All Affiliates must read and agree to the following terms...
This Affiliate Agreement ("Agreement") contains the complete terms and conditions that apply to an individual's or entity's participation in the FDIS Paradise Affiliate Program (the "Program"). As used in this Agreement, "we" means FDIS Paradise ("FDISP") and "you" means the applicant. "Site" means a World Wide Web site and, depending on the context, refers either to FDISP's site or to the site that you will link to our site.
1. Enrollment in the Program
To begin the enrollment process, you will submit a complete Program application via the http://www.aboutcsi.com site. We will evaluate your application in good faith and will notify you of your acceptance or rejection. We may reject your application if we determine (in our sole discretion) that your site is unsuitable for the Program.
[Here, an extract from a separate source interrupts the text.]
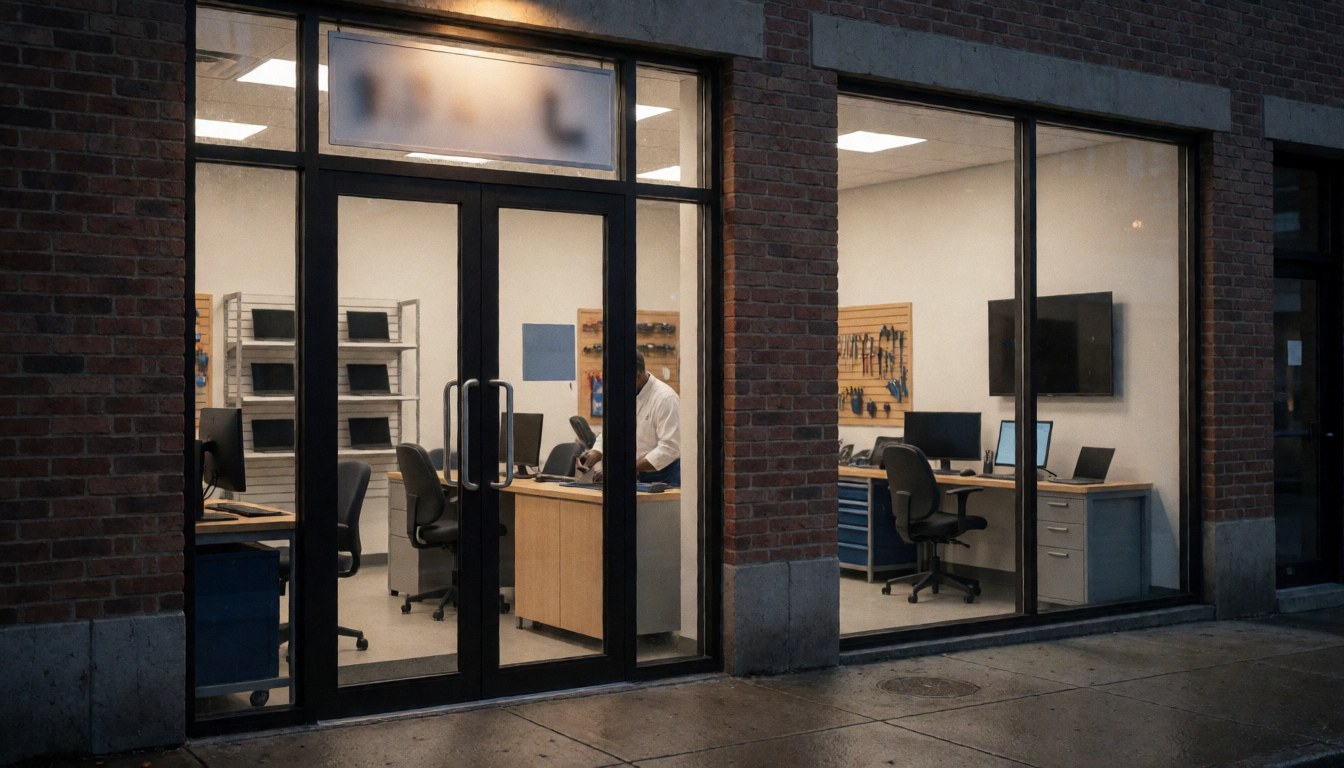 Technician working on a computer inside a repair shop with laptops on shelves and tools on the wall, viewed from the entrance.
SUITABLE SITES INCLUDE THOSE THAT:
DO NOT promote violence DO NOT promote discrimination based on race, sex, religion, nationality, disability, sexual orientation, or age DO NOT promote illegal activities DO NOT violate intellectual property rights In this regard, you understand that we reserve the right to conclude that your Site is unsuitable in accordance with our standards, and we may come to such a conclusion even if it is based upon our opinion or mere suspicion or belief, without any duty to prove that our opinion or suspicion is well-founded and even if our opinion or suspicion is proven not to be well-founded or if others' sites have been accepted despite having the same or similar characteristics as your Site. You also understand that if we accept your application, such acceptance shall not imply that your Site does not meet one or more of the criteria that would have permitted us to reject your application. If we reject your application, you are welcome to reapply to the Program at any time.
2. Anti-Spam Policy
By accepting the FDISP Affiliate Agreement you also agree not to promote your affiliate website through any of the following means: Sending unsolicited email for commercial purposes (aka "SPAM") Posting a single article or advertisement, about which we receive multiple complaints, to Usenet or other Newsgroups, forums, email mailing lists or other similar groups or lists Posting to any Usenet or other newsgroup, forum, email mailing list or other similar group or list articles which are off-topic according to the charter or other owner-published FAQ or description of the group or list Engaging in any of the foregoing activities using the service of another provider, but channeling such activities through a service provided by FDISP (such as using an FDISP -supplied mailbox as a maildrop, or referring to a URL hosted on our server) Falsifying user information, including the falsification of e-mail return addresses FDISP considers the above practices to constitute abuse of its service and of the recipients of such unsolicited mailings and/or postings, who often bear the expense. Therefore, these practices are prohibited by the terms and conditions of the services offered by FDISP. Engaging in one or more of these practices may result in: Termination of the offender's account and/or access to services provided by FDISP Dropping of mail messages that do not contain the proper and necessary information Informing any or all authorities of offender's actions upon receipt of appropriate subpoena Informing any or all recipients of offender's SPAM of the personal and public information of the user Forfeiture of any commissions due to you as an FDISP Affiliate NOTE: This Anti-Spam Policy is based on the Anti-Spam Policy of our Internet Service Provider. FDISP will immediately notify authorities of any actions taken in regard to this Anti-Spam Policy. FDISP reserves the right to implement any and all of the above actions as it may deem appropriate at any time, without limitation, in regard to upholding this Anti-Spam Policy. However, by not implementing a specific action, FDISP is not implying consent, lack of wrongdoing by the offender, nor limiting its response in the future. Nothing contained in this policy shall be construed to limit the actions or remedies of FDISP in any way concerning the foregoing activities.
3. Referral Fees
For every customer who purchases the combination Merchant Account / CardService package or other related payment transaction products, FDISP will pay your company a referral fee.
4. Exclusive Provider
Subject to the terms and conditions set forth below, we shall be the sole and exclusive provider of products of services the same or similar to the Qualifying Products appearing on your Site or in any materials to promote your Site. You agree that you will not, directly or indirectly, promote or sell services or allow any other person or entity to promote or sell services the same as or similar to the Qualifying Products on your Site or link their web site to yours in connection with the promotion or sale of services the same or similar to the Qualifying Products.
5. Fee Schedule
You will earn referral fees based on the number of sales that are generated from your site.
Referral Fee Schedule:
You will earn referral fees based on the number of sales that are generated from your site.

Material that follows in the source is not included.